El poder del elogio

El poder del elogio

Revisaba el pasado miércoles los títulos de las obras que exhibía en sus estantes una acreditada librería, cuando vi acercarse a una hermosa mujer con aspecto de haberse iniciado recientemente en la tercera década de su existencia.

Al notar mis añejadas pupilas que la joven me prodigaba una amplia sonrisa, me hice la ilusión de que esto se debía a mi condición de buenmozo secreto.

-¿Cómo le va al mejor escritor costumbrista dominicano?-preguntó, mientras colocaba sus manos sobre mis hombros, manteniendo en el rostro la expresión risueña.

-Pues creo estar en territorio celestial, debido a mi proximidad con un ángel- respondí, para corresponder a la carga de egocilina contenida en sus palabras.

-¡Usted pone de manifiesto su talento y su originalidad hasta en las palabras inmerecidas que le prodiga a una dama para halagar su vanidad!- dijo, con aire de seductora coquetería.
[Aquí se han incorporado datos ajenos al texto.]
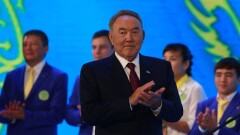  Назарбаев с трибуны пытался успокоить плачущего ребёнка Елеусинова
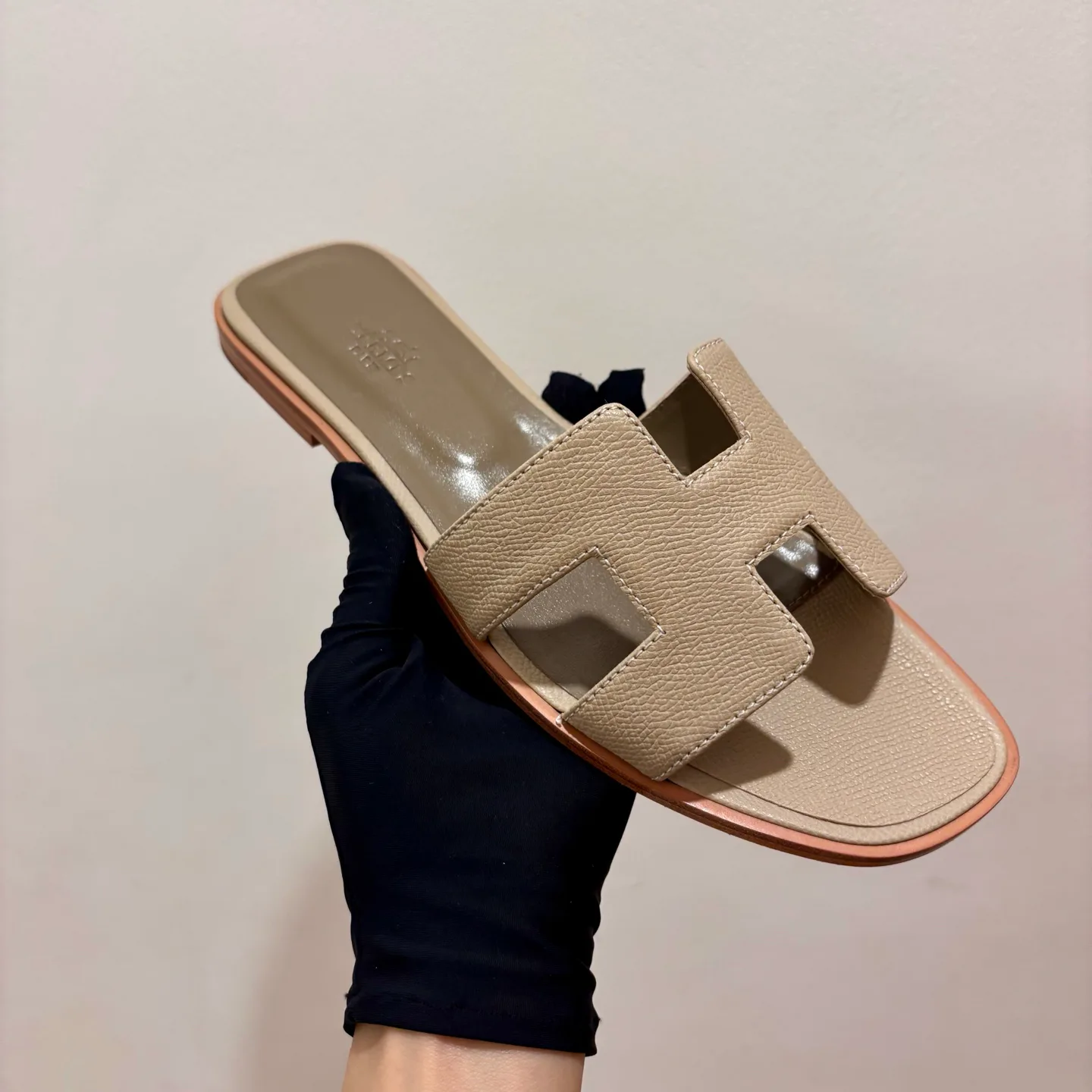 Шлепанцы Женские Hermes 135822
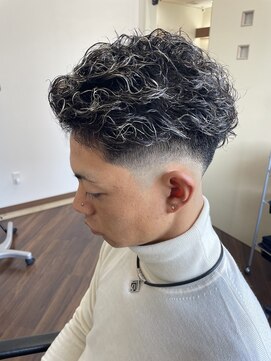 オンフリーク(ON FLEEK) メンズパーマ×フェード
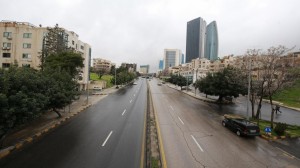 الهواري: من الخطير أن نشكك بفاعلية الحظر الشامل فهو الدواء أحيانا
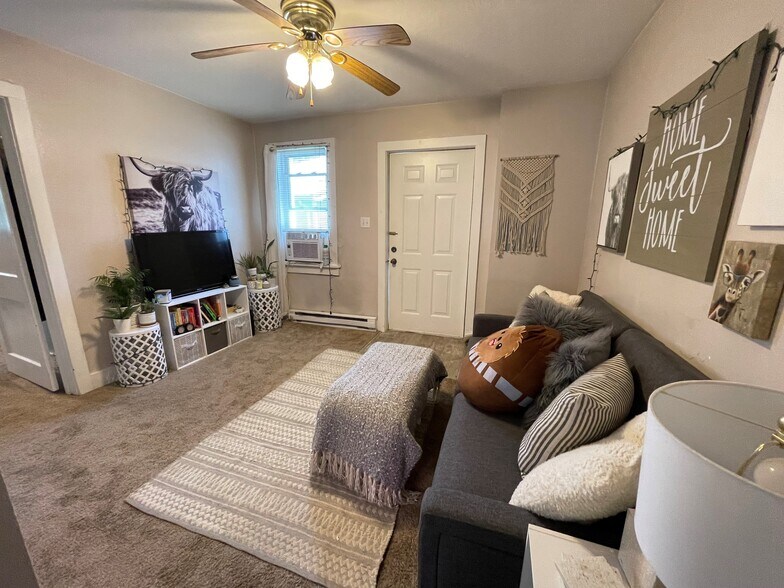 Building Photo - 132 Myra Barnes Ave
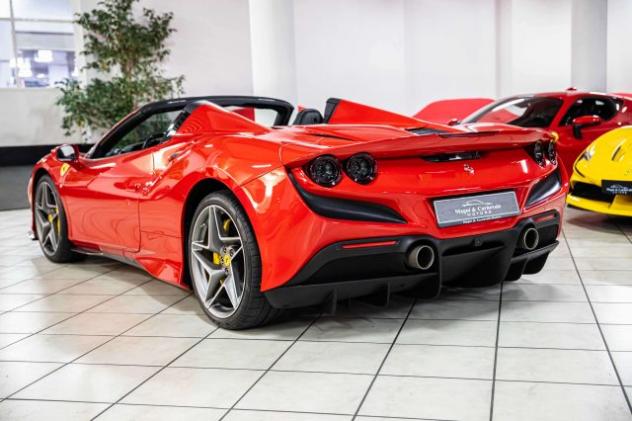 FERRARI F8 Spider LIFT|CARBON+LEDS|HI-FI PREMIUM|AFS|ELECTRI rif. 24065196 - Foto 5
-Mis elogios son más que merecidos por usted, y se ajustan a la obligada objetividad de todo periodista que se respete- manifesté, ya decidido a utilizar al máximo mi facultad de muela.

– Quizás ponga en duda lo que voy a decirle, pero son pocas las obras suyas que no he leído, y precisamente vine hoy a esta feria con la intención de  ver si conseguía una que se titula, creo, Los peligros del trago.

-Traicionero Aguardiente- le aclaré, sin poder contener la risa, que contagió a mi atractiva interlocutora.

-Seguramente la escribió porque tuvo problemas con las bebidas alcohólicas.

Lo dijo mirándome como si esperara con interés mi respuesta, la que le llegó de inmediato:

-Los tuve, porque sabía muy bien comenzar una tanda de tragos, pero tenía dificultad para detenerla. Los frenos del codo y la garganta me fallaban en esos momentos. Por eso llevo cuarenta años sin darme un jumo, y el alcohol ni siquiera me lo unto.

Rió con ganas, y luego, en un gesto que me sorprendió gratamente, deslizó su mano derecha sobre el déficit piloso de mi cráneo.

Superado el acceso de carcajadas, preguntó  por mi obra citada a la dependienta de la librería, y esta la buscó, entregándosela con rostro avinagrado.

-Dedíquemela- expresó, y lo hice gustoso.

Con el libro en la mano, me aplicó un beso suave en las mejillas, y se marchó apresuradamente.

Detuve con enérgico ademán la intención de la empleada de llamarla, y pagué aquel libro de mi autoría.

Aunque me califiquen de pariguayo, confieso que lo hice con sumo placer.